BEGIN

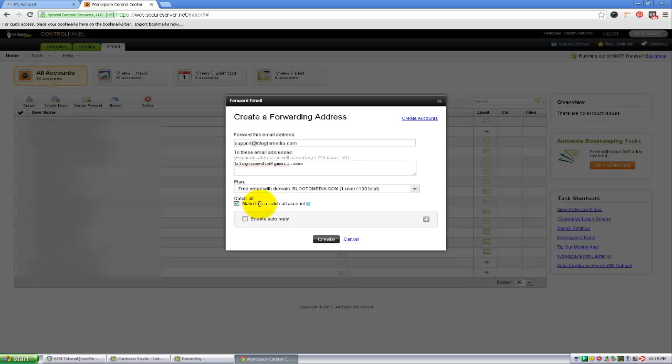I don't want to enable auto-reply. That's basically if you want to send a message as soon as someone sends you something, like 'we are working on your issue, thanks for sending us a ticket' or something along those lines. But I'm going to leave that out and hit create.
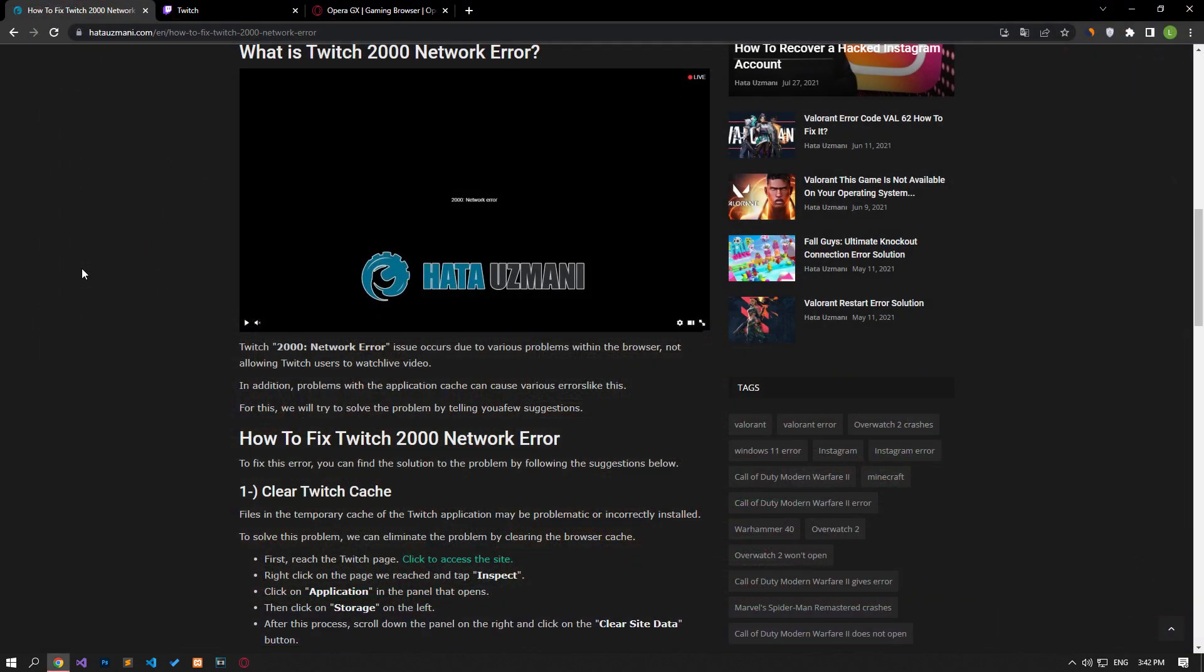In this video, we have provided information on how to fix Twitch 2000 network error. If the problem persists, you can leave a comment.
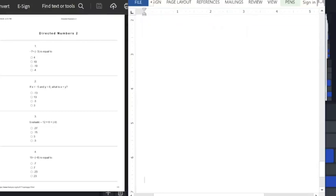Hello everyone, you are welcome to this class. In this class, we want to look at solutions to the questions on directed numbers.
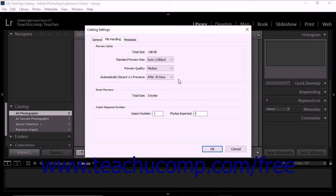The Smart Previews section of the File Handling tab shows how much disk space is being used by Smart Previews. We'll learn more about Smart Previews in a future lesson.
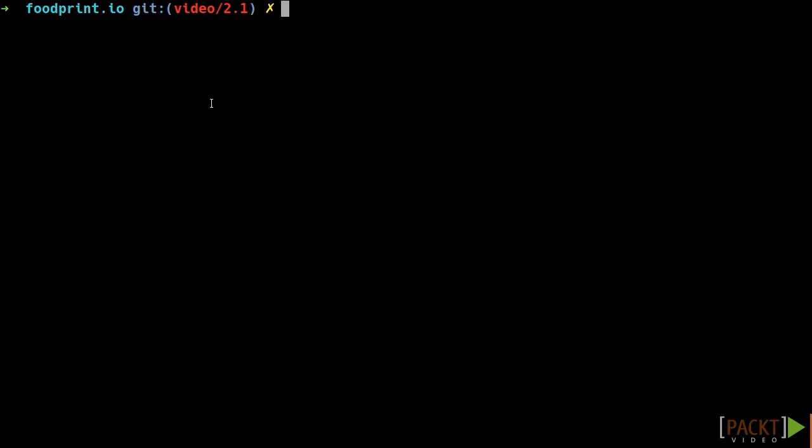Let's open now a terminal at the root of foodprint.io. You should now be on the branch video slash 2.1 and have run npm install. If not, please do so. And don't forget to do it before each video.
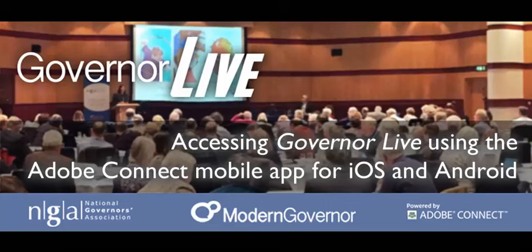Hello, my name's Ian Usher. I'm the Product Manager for Modern Governor, and in this brief video I'm going to give you a demonstration on how to access the Governor Live events that we're running with the NGA and with Adobe, the first one of which is on the 22nd of June.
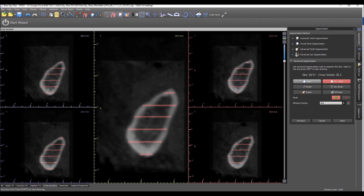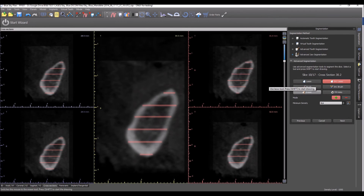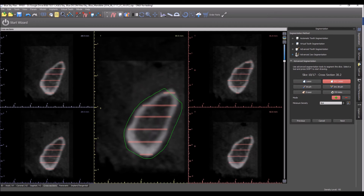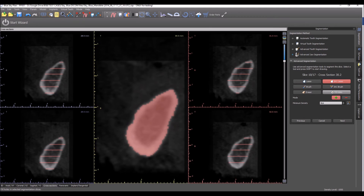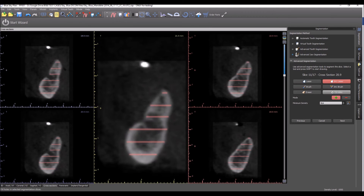Now we're looking at cross section slices. The pink lines that we see on the screen indicate areas that we've already defined using the tools during this process.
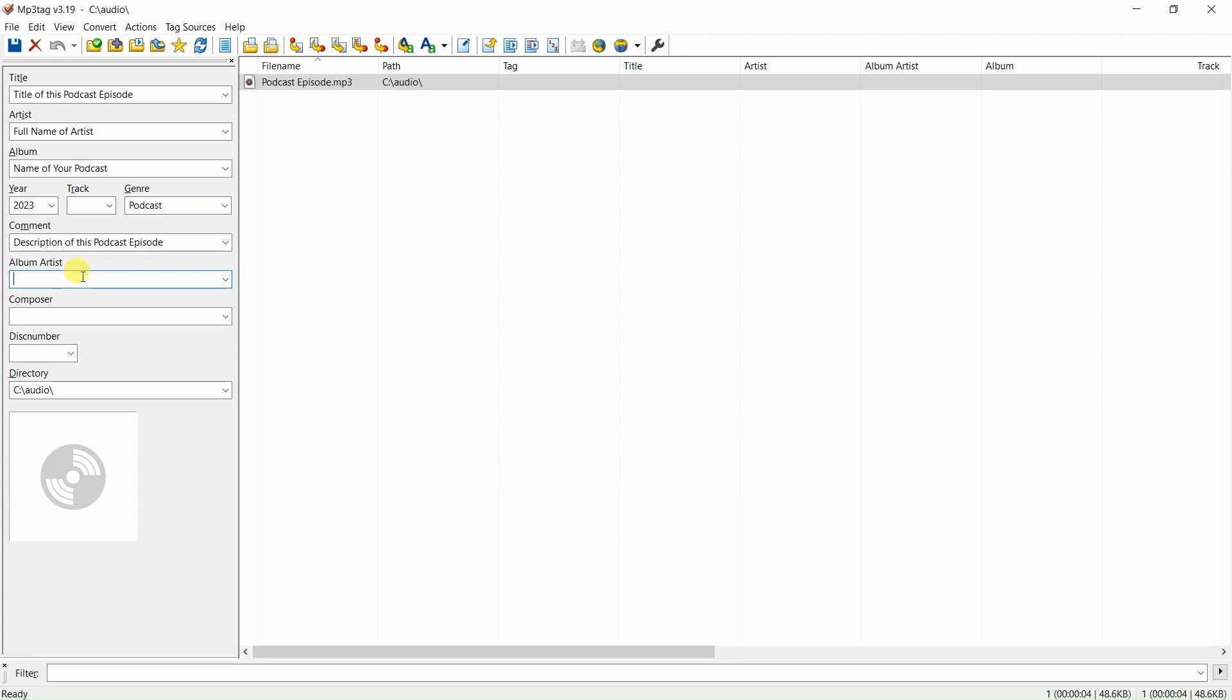Album artist: enter the full name of the artist. Now, it is time to enter the podcast artwork for this episode of your podcast. To add your podcast artwork,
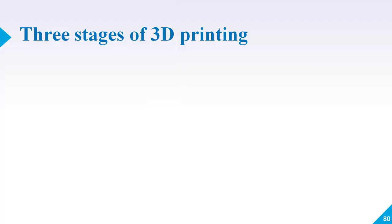Before we look at Cura, there is a little bit more to the whole print process when it comes to 3D files. There are three basic stages to preparing files for 3D printing.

END

* TASK TO COMPLETE *
From the line with "Album artist: enter" through the last line of the entries above, transcribe everything exactly, both ends included, but not the pictures.

* SOLUTION FOR THIS TASK *
Album artist: enter the full name of the artist. Now, it is time to enter the podcast artwork for this episode of your podcast. To add your podcast artwork,
Before we look at Cura, there is a little bit more to the whole print process when it comes to 3D files. There are three basic stages to preparing files for 3D printing.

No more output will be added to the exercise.